Weiter habe sie auch beobachtet, dass Personen im Wahllokal mehr als einen Stimmausweis eingeworfen hätten. Da sei ihr von aserbaidschanischer Seite versichert worden, dass diese Person auch für seine Familienmitglieder noch mitwähle. Ebenfalls als problematisch habe sie taxiert, dass die Stimmzettel während der Essenspause unbeaufsichtigt gelassen worden seien.
Alijew feiert sich als Sieger
Bei einem Spaziergang in Baku habe sie dann das seltsame Gefühl beschlichen, Leute mehrmals zu kreuzen, erzählt die SP-Frau, die seit letztem Winter im Parlament in Bern politisiert. «Wir wurden dann von OSZE-Mitarbeitern darüber informiert, dass wir damit rechnen müssen, beobachtet zu werden bei unserer Arbeit vor Ort.»
Rumys Erzählungen vor Ort decken sich mit den offiziellen Wahlresultaten: Mit 92 Prozent der Stimmen hat sich in der autoritär geführten Südkaukasusrepublik Aserbaidschan der seit gut 20 Jahren regierende Präsident Ilham Alijew (62) diese Woche erneut zum Sieger erklären lassen.

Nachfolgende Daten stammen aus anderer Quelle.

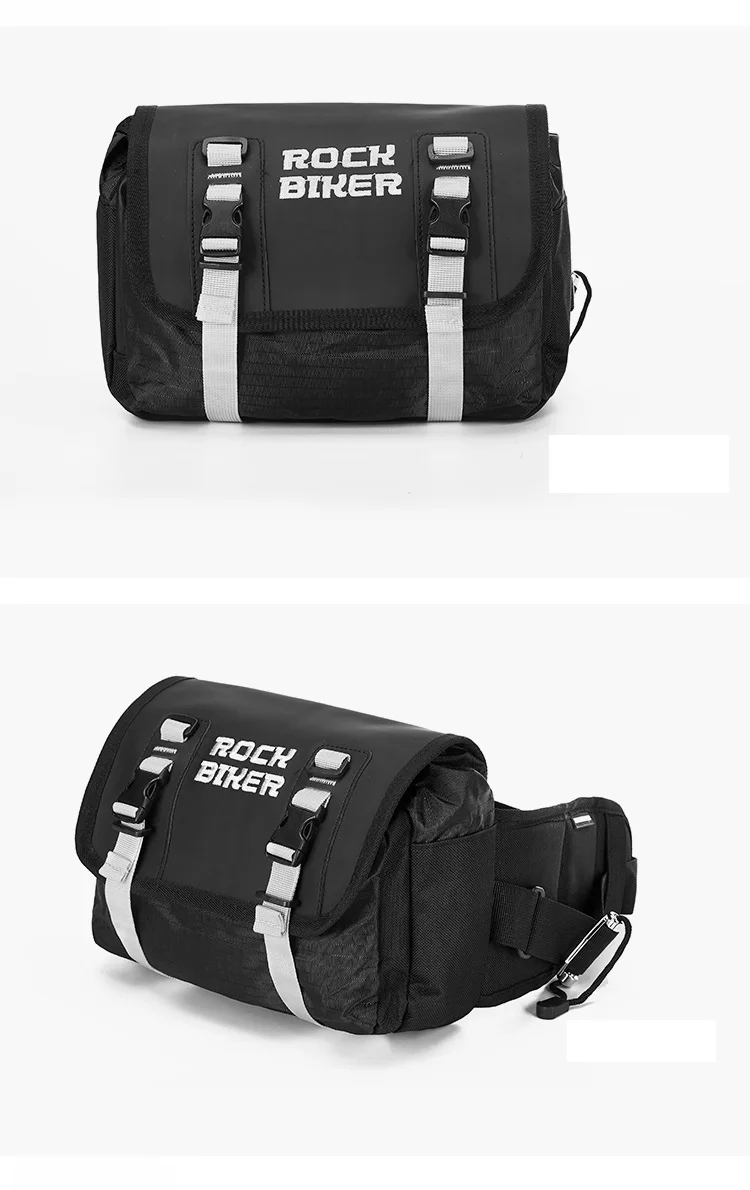 Новые сумки ROCK BIKER RBB011 для мотоцикла, сумки для мотоцикла, поясные сумки для велоспорта, водонепроницаемые сумки, многофункциональные сумки, 2 цвета - Цвет: Черный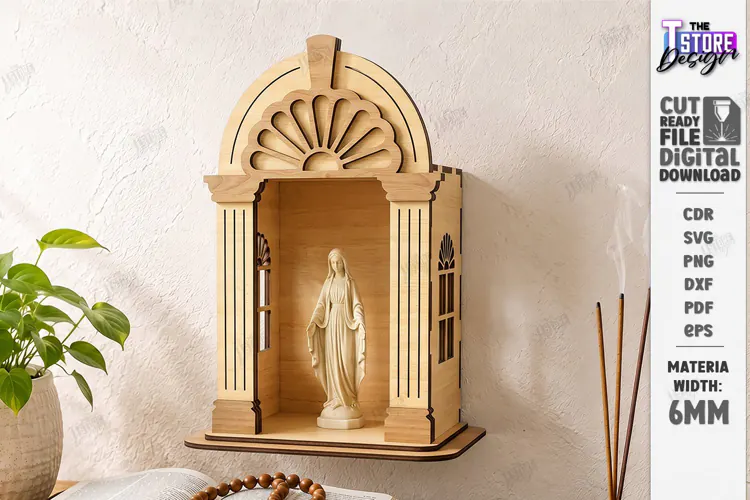 3D Layered Wooden Prayer Shrine Laser Cut | Display Stand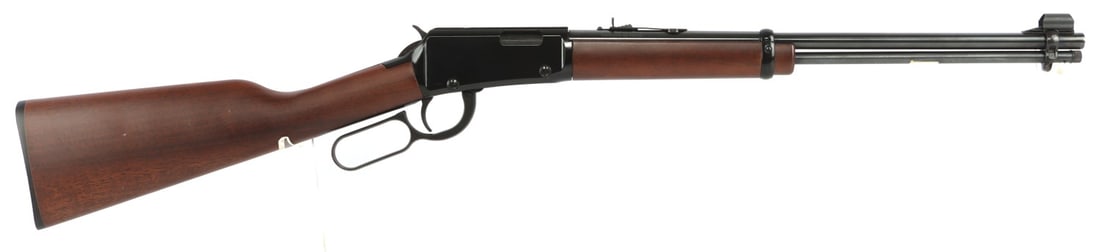 HENRY CLASSIC .22 LEVER ACTION RIMFIRE RIFLE: Henry Model H001 Classic lever action rimfire rifle. 18.5-inch barrel. Adjustable sights. American walnut stock. Made in the USA. Very good condition. Mechanically fine, functions without issue. Bore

Mehr zu Nik Guggers Rausschmiss
Alijew, der weitere sieben Jahre im Amt bleiben kann, baute sein Ergebnis von 2018 von damals 86 Prozent noch einmal aus – vor dem Hintergrund der Rückeroberung der Konfliktregion Berg-Karabach nach einem Krieg mit Armenien. Das öl- und gasreiche Land am Kaspischen Meer ist wichtiger Energielieferant für die EU.
Keine echte Auswahl
Die Wahlbeteiligung wurde mit rund 77 Prozent der insgesamt mehr als sechs Millionen Wahlberechtigten angegeben. Beobachter bemängeln schon vor der Wahl, dass die Aserbaidschaner angesichts von Repressionen im Grunde gar keine richtige Auswahl hatten: So war unter Alijew sechs Gegenkandidaten kein echter Konkurrent, die Opposition boykottierte die Wahl aus Protest.
Für Empörung sorgte zudem, dass im Vorfeld der Abstimmung mehr als ein Dutzend kritischer Journalisten festgenommen worden waren, die über Korruption in Alijew Machtapparat berichteten. Die staatliche Nachrichtenagentur Azertac feierte den Wahlsieg Alijews trotzdem als angeblichen Beweis für «den unerschütterlichen Glauben des Volkes an seinen Führer».
Rumy sagt, sie verspüre nun nicht das Bedürfnis, bald wieder in den Kaukasusstaat zu reisen. Es war ihre erste Mission als OSZE-Wahlbeobachterin.